On a different note, I'm not sure how best to put this but I think emotions - not matter how unpleasant they might feel or be - are valid and deserving of respect, even if they're not pleasant ones. Even if they're not 'nice' emotions, self-acceptance is a big part of recovery and part of that involves giving ourselves permission to 'own', understand, and have our feelings (not the same thing as acting them out abusively). Anger has it's place as our protective/defensive emotion and if it's been bottled up and not felt then it makes sense that it can then spill out uncontrollably.

For myself I'm trying to accept and validate my own anger, because otherwise I'm up against myself.

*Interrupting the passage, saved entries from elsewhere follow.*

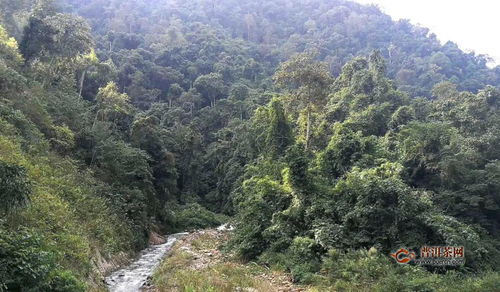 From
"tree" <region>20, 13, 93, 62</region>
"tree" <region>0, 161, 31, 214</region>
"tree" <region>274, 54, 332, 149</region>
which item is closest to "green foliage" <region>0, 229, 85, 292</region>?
"tree" <region>0, 161, 31, 214</region>

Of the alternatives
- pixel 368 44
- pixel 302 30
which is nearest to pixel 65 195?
pixel 368 44

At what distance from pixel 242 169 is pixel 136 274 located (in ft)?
101

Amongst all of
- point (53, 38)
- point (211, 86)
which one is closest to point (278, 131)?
point (53, 38)

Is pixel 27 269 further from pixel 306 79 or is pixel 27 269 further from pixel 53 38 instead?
pixel 53 38

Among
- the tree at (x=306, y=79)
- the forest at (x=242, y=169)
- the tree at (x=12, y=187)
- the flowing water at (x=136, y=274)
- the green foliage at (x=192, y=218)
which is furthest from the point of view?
the green foliage at (x=192, y=218)

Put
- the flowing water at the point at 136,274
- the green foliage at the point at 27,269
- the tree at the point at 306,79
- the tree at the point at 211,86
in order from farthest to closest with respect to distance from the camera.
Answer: the tree at the point at 211,86
the tree at the point at 306,79
the flowing water at the point at 136,274
the green foliage at the point at 27,269

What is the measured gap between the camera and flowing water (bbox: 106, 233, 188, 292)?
15.9 metres

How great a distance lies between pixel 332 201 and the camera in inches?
755

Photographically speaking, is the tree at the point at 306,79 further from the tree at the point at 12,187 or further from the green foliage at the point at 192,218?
the tree at the point at 12,187

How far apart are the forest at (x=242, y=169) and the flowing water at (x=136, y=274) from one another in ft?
3.11

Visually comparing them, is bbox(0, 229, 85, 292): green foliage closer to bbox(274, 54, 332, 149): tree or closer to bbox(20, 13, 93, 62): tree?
bbox(274, 54, 332, 149): tree

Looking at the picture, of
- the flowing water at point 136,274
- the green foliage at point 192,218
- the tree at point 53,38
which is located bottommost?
Answer: the green foliage at point 192,218

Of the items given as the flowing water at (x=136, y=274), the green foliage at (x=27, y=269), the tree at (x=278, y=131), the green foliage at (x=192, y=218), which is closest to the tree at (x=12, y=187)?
the green foliage at (x=27, y=269)

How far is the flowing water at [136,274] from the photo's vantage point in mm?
15938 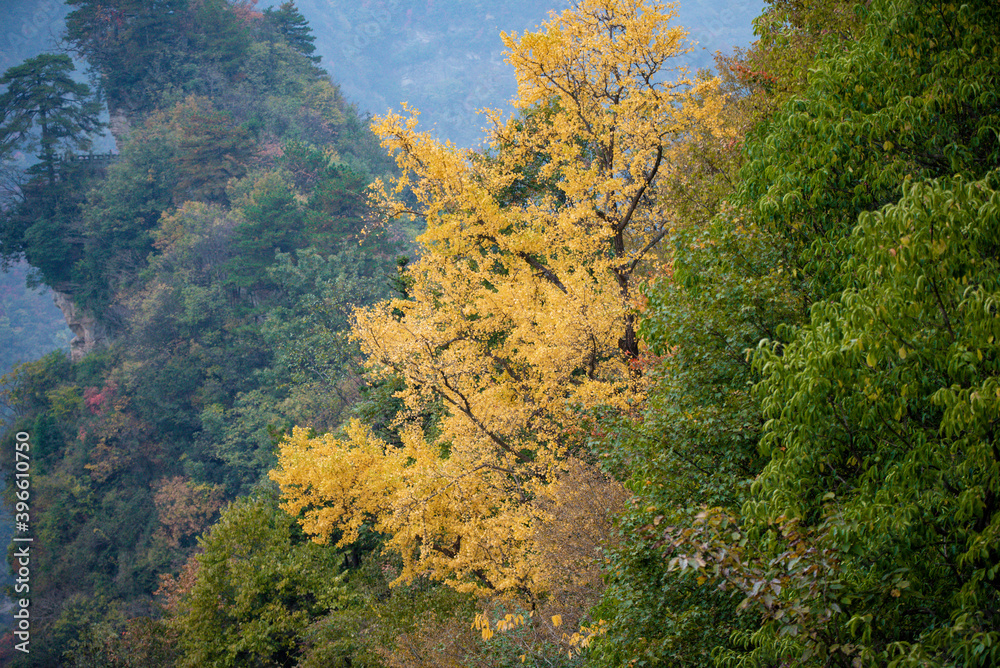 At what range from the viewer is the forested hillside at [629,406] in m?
3.94


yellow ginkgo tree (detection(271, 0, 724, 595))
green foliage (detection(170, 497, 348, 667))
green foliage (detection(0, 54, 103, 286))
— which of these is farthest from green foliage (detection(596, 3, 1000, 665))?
green foliage (detection(0, 54, 103, 286))

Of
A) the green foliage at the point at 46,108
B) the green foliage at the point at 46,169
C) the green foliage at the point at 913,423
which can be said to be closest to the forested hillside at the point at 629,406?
the green foliage at the point at 913,423

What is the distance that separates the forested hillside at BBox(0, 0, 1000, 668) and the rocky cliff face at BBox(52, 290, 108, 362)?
36.6 feet

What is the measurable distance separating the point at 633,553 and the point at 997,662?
10.3ft

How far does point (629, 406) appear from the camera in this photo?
10898 mm

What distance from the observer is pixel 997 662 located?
3424 mm

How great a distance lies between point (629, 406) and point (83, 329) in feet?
162

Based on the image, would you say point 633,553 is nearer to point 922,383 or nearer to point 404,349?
point 922,383

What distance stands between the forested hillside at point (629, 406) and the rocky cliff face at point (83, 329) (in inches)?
439

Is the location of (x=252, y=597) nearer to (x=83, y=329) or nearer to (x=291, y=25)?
(x=83, y=329)

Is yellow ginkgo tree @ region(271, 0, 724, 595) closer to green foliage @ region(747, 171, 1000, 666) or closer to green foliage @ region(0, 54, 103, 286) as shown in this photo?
green foliage @ region(747, 171, 1000, 666)

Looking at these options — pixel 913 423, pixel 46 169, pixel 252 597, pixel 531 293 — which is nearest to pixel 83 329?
pixel 46 169

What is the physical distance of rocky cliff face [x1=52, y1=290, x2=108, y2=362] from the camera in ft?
155

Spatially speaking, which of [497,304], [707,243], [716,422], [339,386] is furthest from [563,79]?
[339,386] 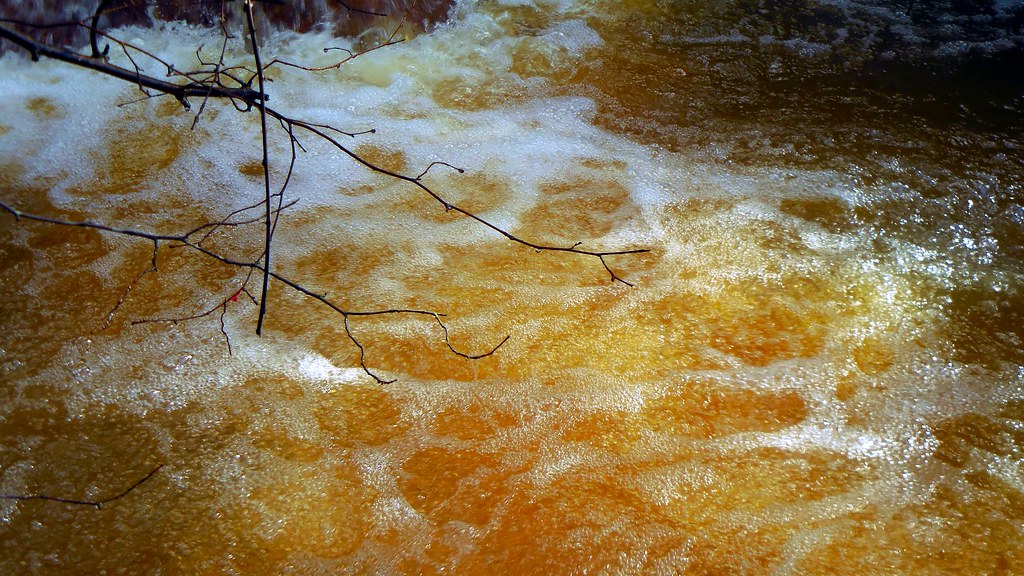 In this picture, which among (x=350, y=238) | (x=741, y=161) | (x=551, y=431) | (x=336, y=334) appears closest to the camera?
(x=551, y=431)

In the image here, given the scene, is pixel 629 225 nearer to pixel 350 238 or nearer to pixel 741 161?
pixel 741 161

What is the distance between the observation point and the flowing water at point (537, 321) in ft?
5.55

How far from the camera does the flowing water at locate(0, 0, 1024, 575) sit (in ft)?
5.55

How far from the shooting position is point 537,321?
7.04 ft

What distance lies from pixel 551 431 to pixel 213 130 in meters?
1.77

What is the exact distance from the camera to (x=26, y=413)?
1.84m

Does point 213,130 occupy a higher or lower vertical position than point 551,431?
higher

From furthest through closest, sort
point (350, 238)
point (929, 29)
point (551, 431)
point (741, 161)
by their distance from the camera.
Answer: point (929, 29) < point (741, 161) < point (350, 238) < point (551, 431)

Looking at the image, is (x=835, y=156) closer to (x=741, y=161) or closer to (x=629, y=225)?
(x=741, y=161)

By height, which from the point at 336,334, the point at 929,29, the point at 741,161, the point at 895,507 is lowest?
the point at 895,507

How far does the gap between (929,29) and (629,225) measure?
2028mm

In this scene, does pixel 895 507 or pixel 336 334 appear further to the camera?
pixel 336 334

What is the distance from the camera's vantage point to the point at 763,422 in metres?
1.92

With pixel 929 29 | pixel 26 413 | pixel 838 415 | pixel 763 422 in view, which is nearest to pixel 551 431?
pixel 763 422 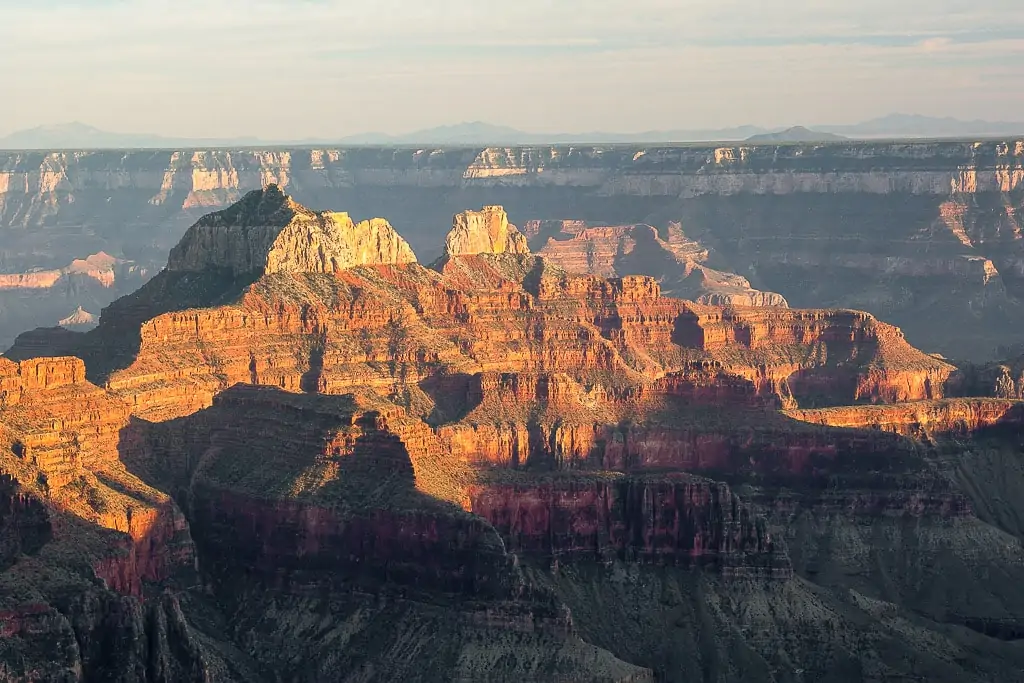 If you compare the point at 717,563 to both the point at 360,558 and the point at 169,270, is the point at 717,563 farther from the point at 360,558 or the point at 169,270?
the point at 169,270

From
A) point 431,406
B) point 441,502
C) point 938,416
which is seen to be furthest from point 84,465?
point 938,416

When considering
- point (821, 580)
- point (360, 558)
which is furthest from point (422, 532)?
point (821, 580)

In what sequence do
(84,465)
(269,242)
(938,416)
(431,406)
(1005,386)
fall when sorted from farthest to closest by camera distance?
(1005,386)
(269,242)
(938,416)
(431,406)
(84,465)

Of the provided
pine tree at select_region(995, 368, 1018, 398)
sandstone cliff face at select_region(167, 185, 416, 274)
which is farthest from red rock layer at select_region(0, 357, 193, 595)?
pine tree at select_region(995, 368, 1018, 398)

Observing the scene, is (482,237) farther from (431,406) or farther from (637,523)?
(637,523)

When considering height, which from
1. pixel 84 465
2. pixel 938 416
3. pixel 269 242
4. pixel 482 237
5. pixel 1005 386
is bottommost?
pixel 1005 386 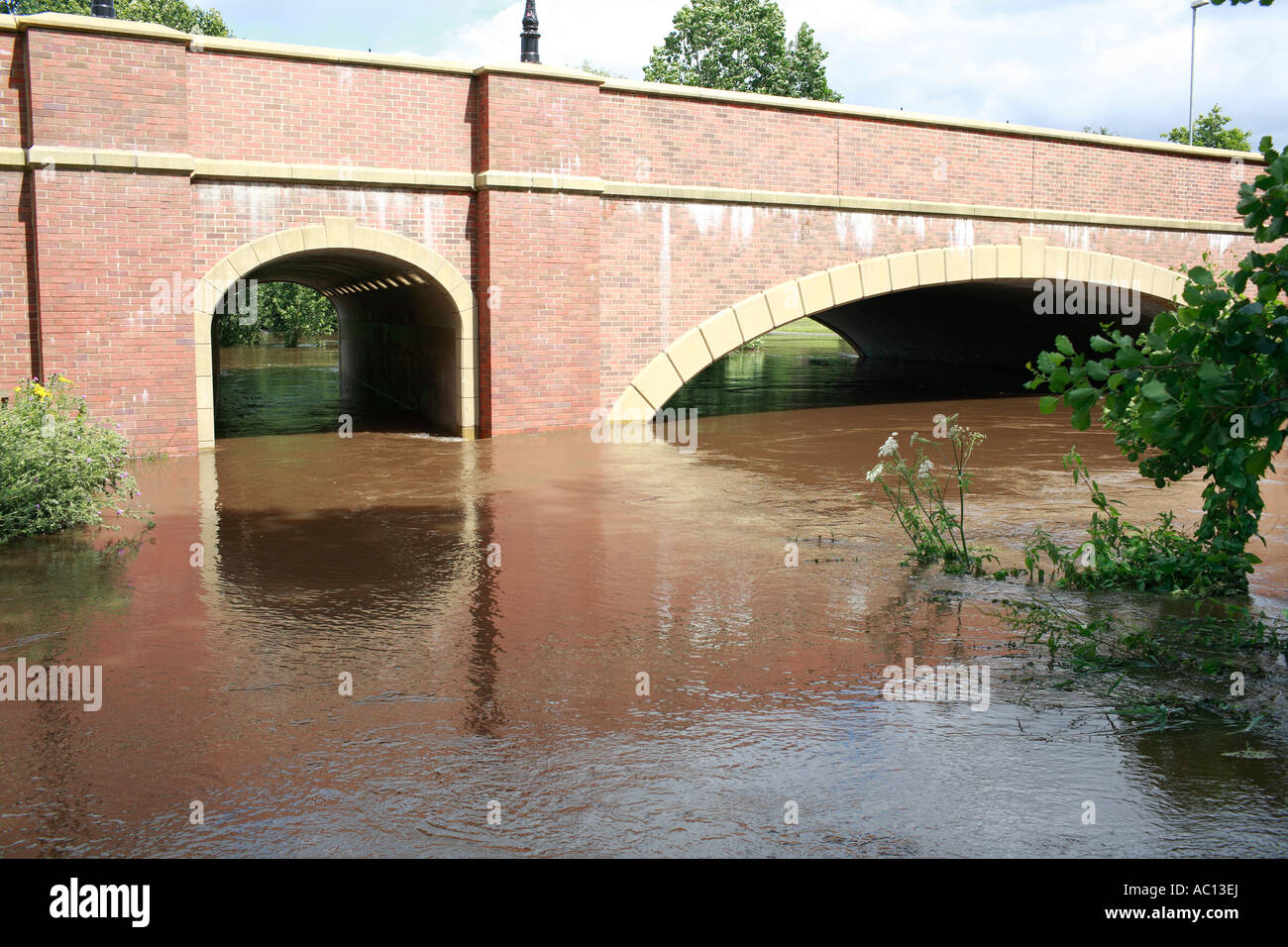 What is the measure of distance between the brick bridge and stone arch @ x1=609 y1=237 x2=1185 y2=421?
0.04 m

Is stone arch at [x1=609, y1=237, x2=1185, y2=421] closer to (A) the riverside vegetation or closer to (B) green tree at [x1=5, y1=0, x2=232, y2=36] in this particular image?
(A) the riverside vegetation

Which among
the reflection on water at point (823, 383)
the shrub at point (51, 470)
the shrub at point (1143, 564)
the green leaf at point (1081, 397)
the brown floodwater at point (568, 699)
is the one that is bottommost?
the brown floodwater at point (568, 699)

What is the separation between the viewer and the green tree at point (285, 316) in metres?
39.2

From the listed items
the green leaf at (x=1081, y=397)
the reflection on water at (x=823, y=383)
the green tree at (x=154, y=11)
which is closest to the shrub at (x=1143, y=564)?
the green leaf at (x=1081, y=397)

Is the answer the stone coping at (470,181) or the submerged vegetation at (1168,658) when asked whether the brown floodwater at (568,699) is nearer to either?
the submerged vegetation at (1168,658)

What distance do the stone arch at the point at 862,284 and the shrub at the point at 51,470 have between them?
7.27 metres

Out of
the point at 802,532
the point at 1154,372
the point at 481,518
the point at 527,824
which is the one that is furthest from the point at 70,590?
the point at 1154,372

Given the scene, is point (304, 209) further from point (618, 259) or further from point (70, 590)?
point (70, 590)

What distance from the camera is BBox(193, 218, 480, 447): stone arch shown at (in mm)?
13305

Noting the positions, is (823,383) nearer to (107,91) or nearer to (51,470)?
(107,91)

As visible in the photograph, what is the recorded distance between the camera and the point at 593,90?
1487cm

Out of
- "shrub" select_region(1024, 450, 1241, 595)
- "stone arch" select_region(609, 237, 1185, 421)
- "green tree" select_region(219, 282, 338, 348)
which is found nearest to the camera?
"shrub" select_region(1024, 450, 1241, 595)

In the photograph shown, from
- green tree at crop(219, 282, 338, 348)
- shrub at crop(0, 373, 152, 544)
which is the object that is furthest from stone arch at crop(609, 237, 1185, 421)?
green tree at crop(219, 282, 338, 348)

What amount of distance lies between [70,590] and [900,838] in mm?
5725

Accepting and validating it isn't the same as giving myself permission to behave abusively, both because I don't want to be abusive and because angering directly at the people who caused my anger to exist doesn't seem to heal anything - for anyone.  But I need to come alongside myself and accept my rage as a valid response to what I suffered, or I'm my own enemy and the anger won't diminish.

Best wishes for finding your way through this, and as the others have said - hang on in there, you can get through it.  Maybe giving yourself a safe space to rage in would be helpful? I know that recently helped me not to explode at the people I cared about. Maybe you'd find Pete Walker's stuff helpful too - he's actually written a couple of good guest posts on the OOTS blog recently, so that would be one way of getting a feel for some of his writing without having to get your hands on a book first.